- Task objective: In the copy, include no pictures. Reproduce the rest of the entries exactly.

(Extracted records)
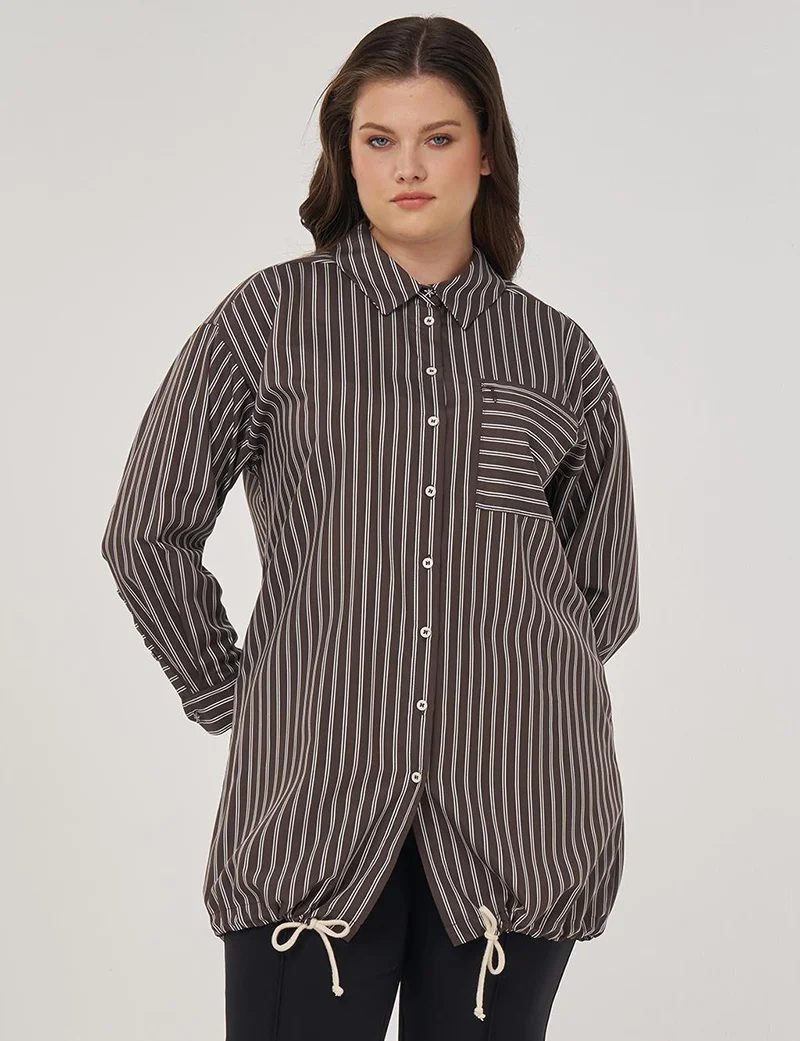 Kayra Striped Viscose Tunic in Coffee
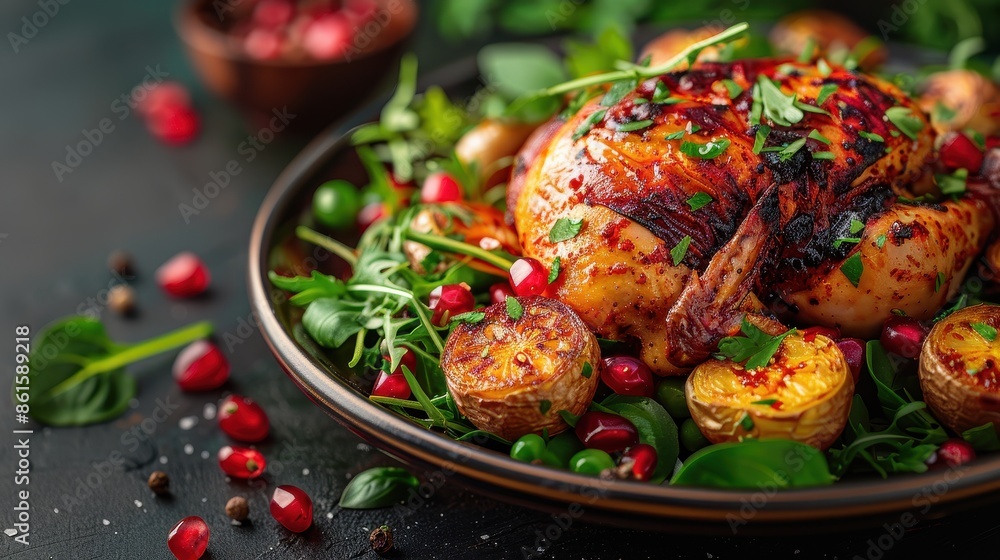 A deliciously roasted chicken garnished with herbs, accompanied by crispy potatoes and assorted greens. The vibrant colors and textures make it truly appetizing. A deliciously roasted chicken garnished with herbs, accompanied by crispy potatoes and assorted greens. The vibrant colors and textures make it truly appetizing.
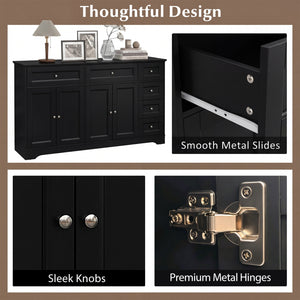 Buffet Sideboard 59 inches Modern Coffee Bar Station Console Table-Black view 9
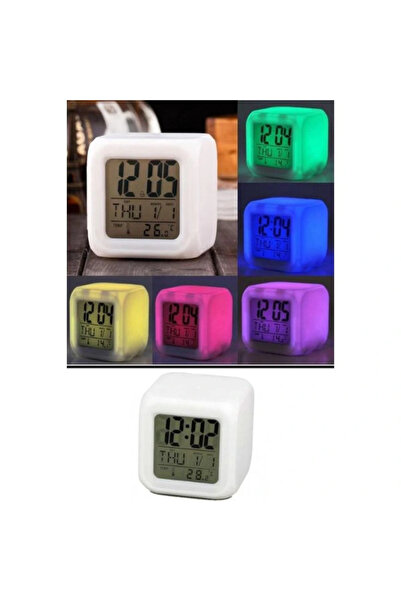 Twin Store ساعة رقمية مكعبة مع منبه متغير اللون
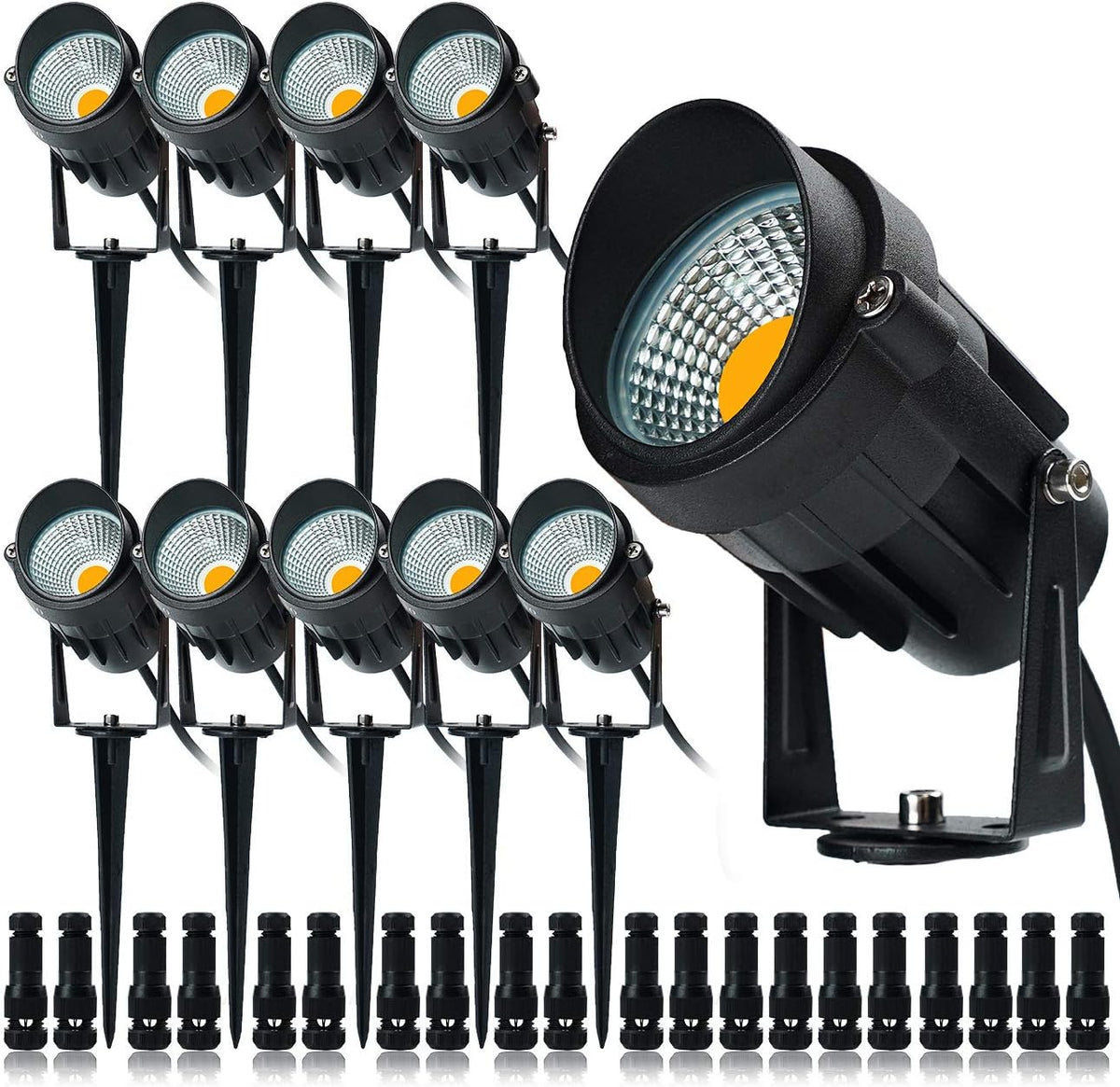 10 Pack 12v 9W LED Landscape Lights, IP65 Waterproof Warm White with Connector O36469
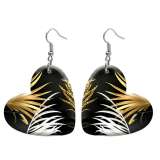 10 styles love resin Golden leaves pattern stainless steel Painted Heart earrings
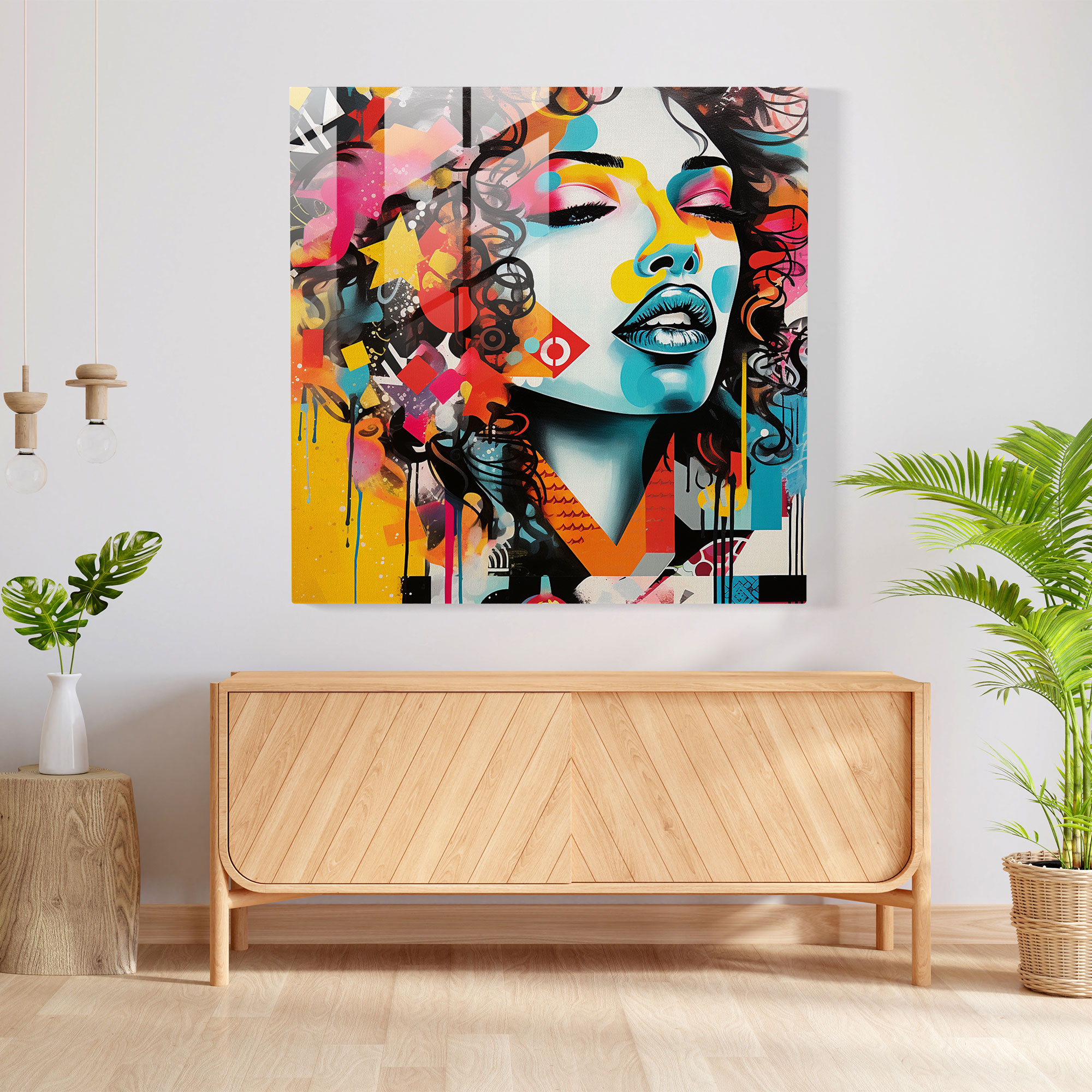 Kiss Of Graffiti Glass Print - Kiss, Glass Print, Glass Art, Glass Wall Art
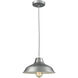 Classic Loft 1 Light 11 inch Weathered Zinc Mini Pendant Ceiling Light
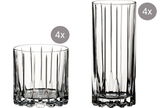 Zwei Arten von Gläsern aus Kristallglas, links ein niedriges Rocks-Glas und rechts ein hohes Highball-Glas, jeweils in einer 4er-Packung, aus der Frontalperspektive.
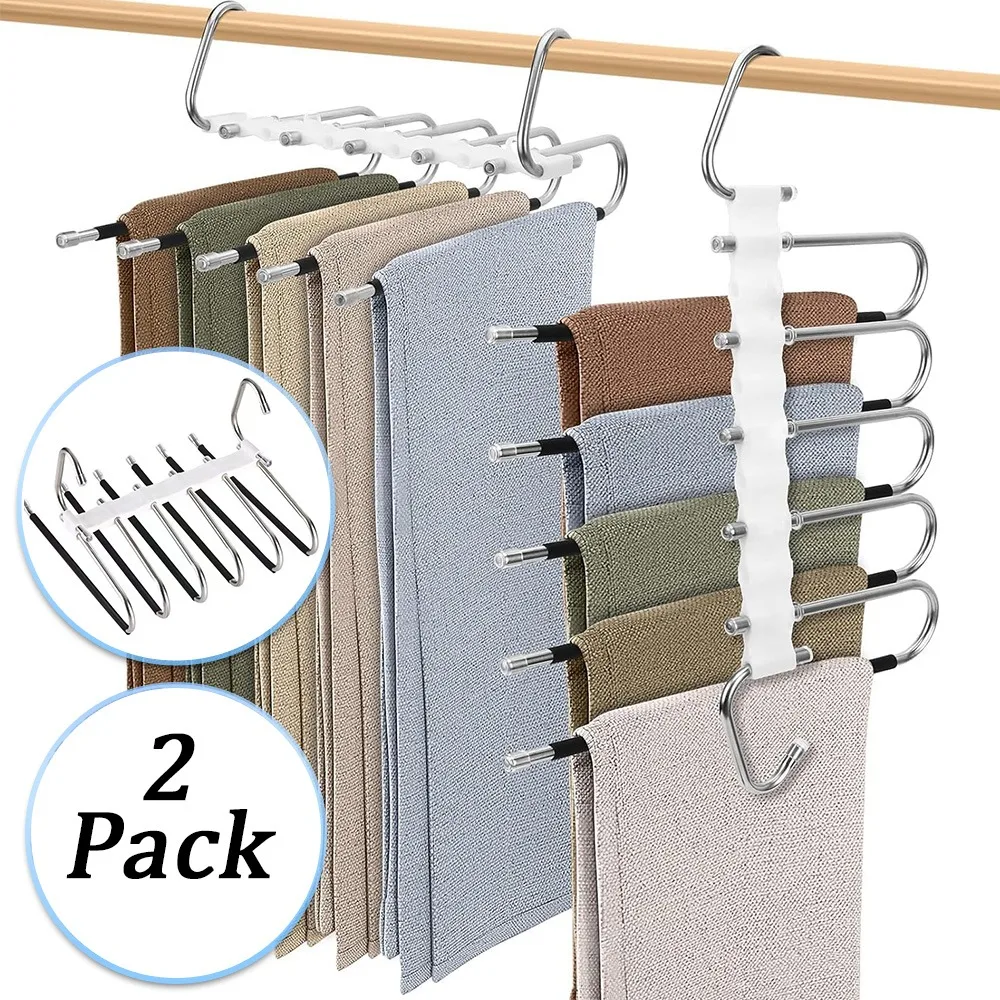 Confezione da 2 appendiabiti salvaspazio per pantaloni, supporto multifunzionale antiscivolo 5 in 1, organizer per pantaloni, jeans, vestiti, sciarpe e asciugamani.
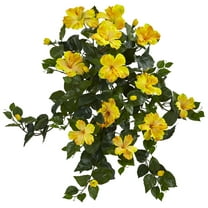 Nearly Natural 24" Hibiscus Hanging Plastic Artificial Plant (Set of 2), Yellow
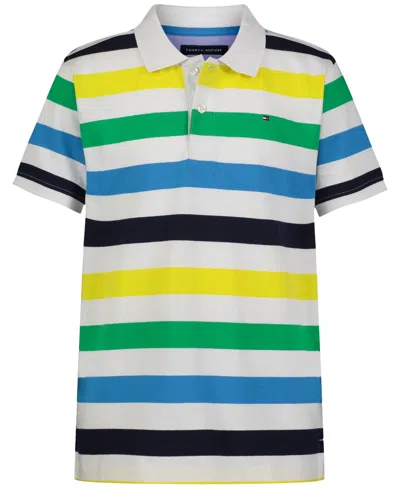 Shop Tommy Hilfiger Big Boys Spectator Cotton Short-sleeve Polo In Fresh Whit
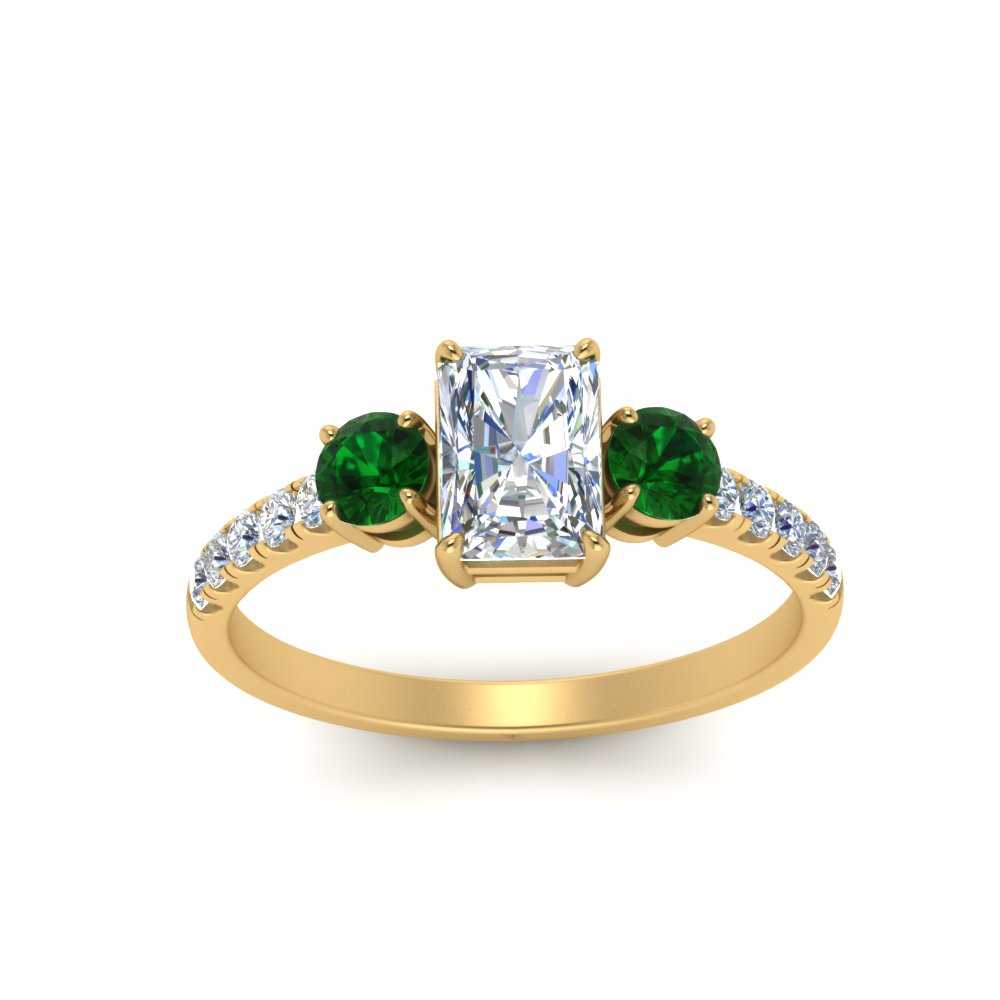 petite-micropave-radiant-cut-three-stone-diamond-engagement-ring-with-emerald-in-yellow-gold-FD9383RARGEMGR-NL-YG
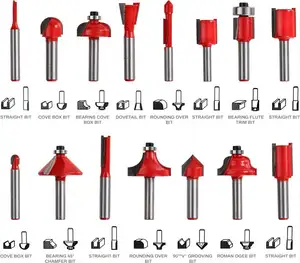 Roteador de madeira compacto para madeira, aparador de madeira, laminado, fresadora, máquina manual de gravação com 15 peças, brocas de roteador de 1/4"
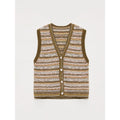 "Nice Weekend" striped mixed woven V-neck early spring layered knitted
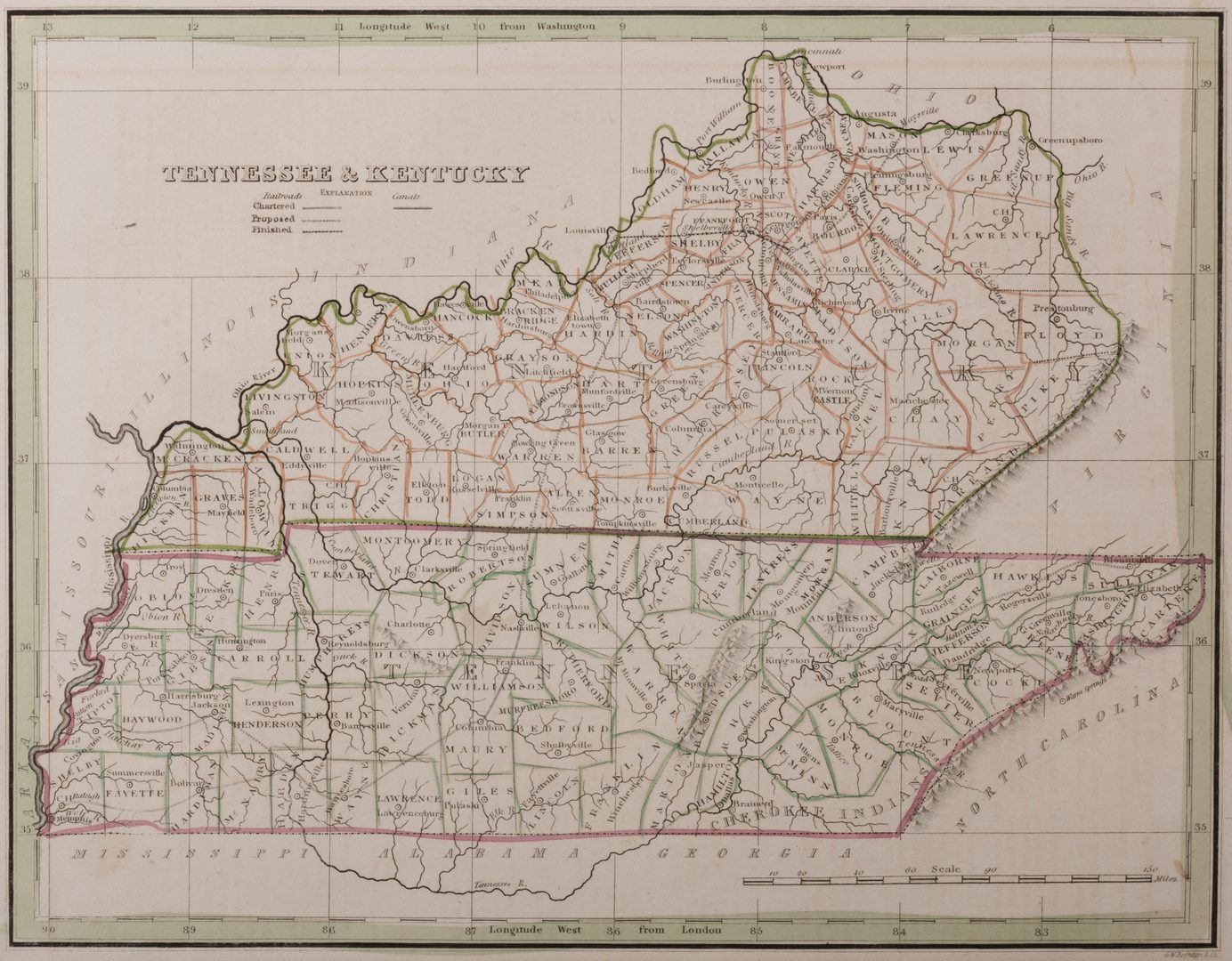 Lot 213: 5 Kentucky and Tennessee Maps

- Your solution:
 Kayra Striped Viscose Tunic in Coffee
 A deliciously roasted chicken garnished with herbs, accompanied by crispy potatoes and assorted greens. The vibrant colors and textures make it truly appetizing. A deliciously roasted chicken garnished with herbs, accompanied by crispy potatoes and assorted greens. The vibrant colors and textures make it truly appetizing.
 Buffet Sideboard 59 inches Modern Coffee Bar Station Console Table-Black view 9
 Twin Store ساعة رقمية مكعبة مع منبه متغير اللون
 10 Pack 12v 9W LED Landscape Lights, IP65 Waterproof Warm White with Connector O36469
 10 styles love resin Golden leaves pattern stainless steel Painted Heart earrings
 Kiss Of Graffiti Glass Print - Kiss, Glass Print, Glass Art, Glass Wall Art
 Classic Loft 1 Light 11 inch Weathered Zinc Mini Pendant Ceiling Light
 Zwei Arten von Gläsern aus Kristallglas, links ein niedriges Rocks-Glas und rechts ein hohes Highball-Glas, jeweils in einer 4er-Packung, aus der Frontalperspektive.
 Confezione da 2 appendiabiti salvaspazio per pantaloni, supporto multifunzionale antiscivolo 5 in 1, organizer per pantaloni, jeans, vestiti, sciarpe e asciugamani.
 Nearly Natural 24" Hibiscus Hanging Plastic Artificial Plant (Set of 2), Yellow
 Shop Tommy Hilfiger Big Boys Spectator Cotton Short-sleeve Polo In Fresh Whit
 petite-micropave-radiant-cut-three-stone-diamond-engagement-ring-with-emerald-in-yellow-gold-FD9383RARGEMGR-NL-YG
 Roteador de madeira compacto para madeira, aparador de madeira, laminado, fresadora, máquina manual de gravação com 15 peças, brocas de roteador de 1/4"
 "Nice Weekend" striped mixed woven V-neck early spring layered knitted
 Lot 213: 5 Kentucky and Tennessee Maps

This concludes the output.